WHAT THIS TASK INVOLVES:
From the line containing "Image de Quiet" down to the last line of the material, output each line exactly as it appears, excluding pictures.

DATA EXCERPT:
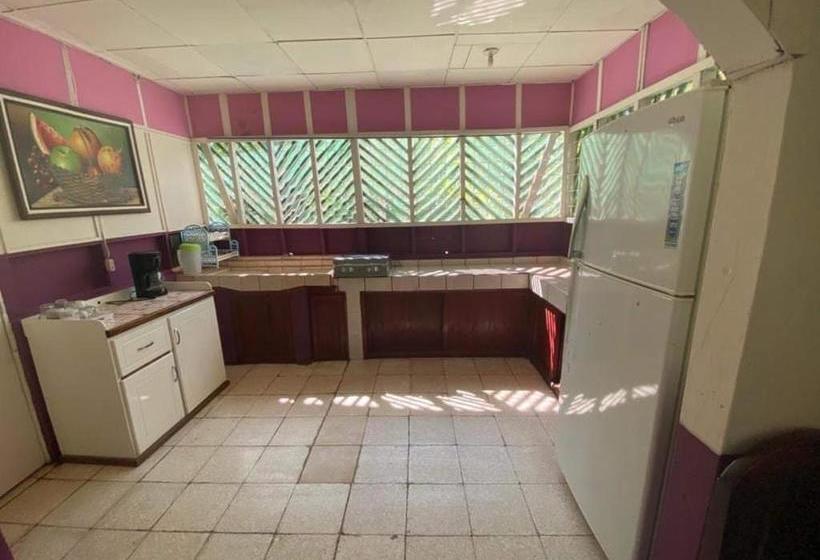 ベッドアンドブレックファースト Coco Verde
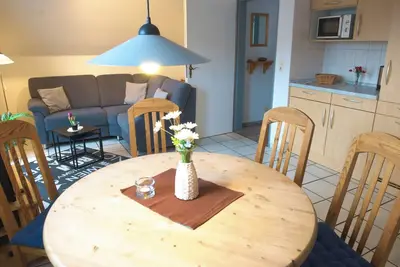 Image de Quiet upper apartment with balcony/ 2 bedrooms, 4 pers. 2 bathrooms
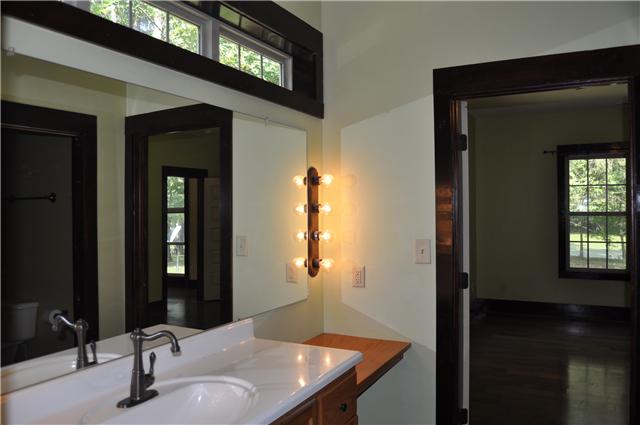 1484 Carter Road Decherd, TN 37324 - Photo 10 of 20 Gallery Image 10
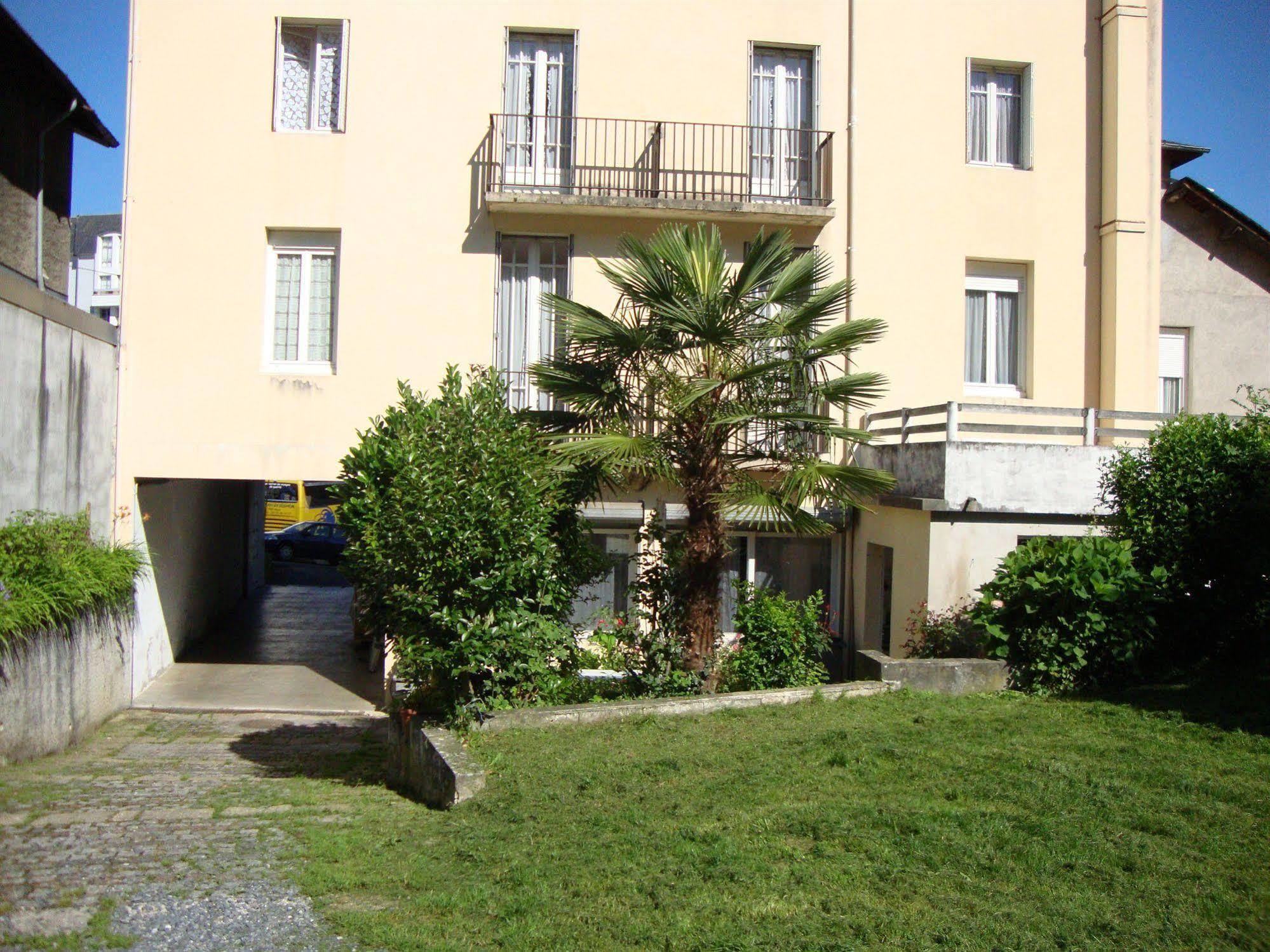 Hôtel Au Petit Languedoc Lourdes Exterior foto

ANSWER SPACE:
 Image de Quiet upper apartment with balcony/ 2 bedrooms, 4 pers. 2 bathrooms
 1484 Carter Road Decherd, TN 37324 - Photo 10 of 20 Gallery Image 10
 Hôtel Au Petit Languedoc Lourdes Exterior foto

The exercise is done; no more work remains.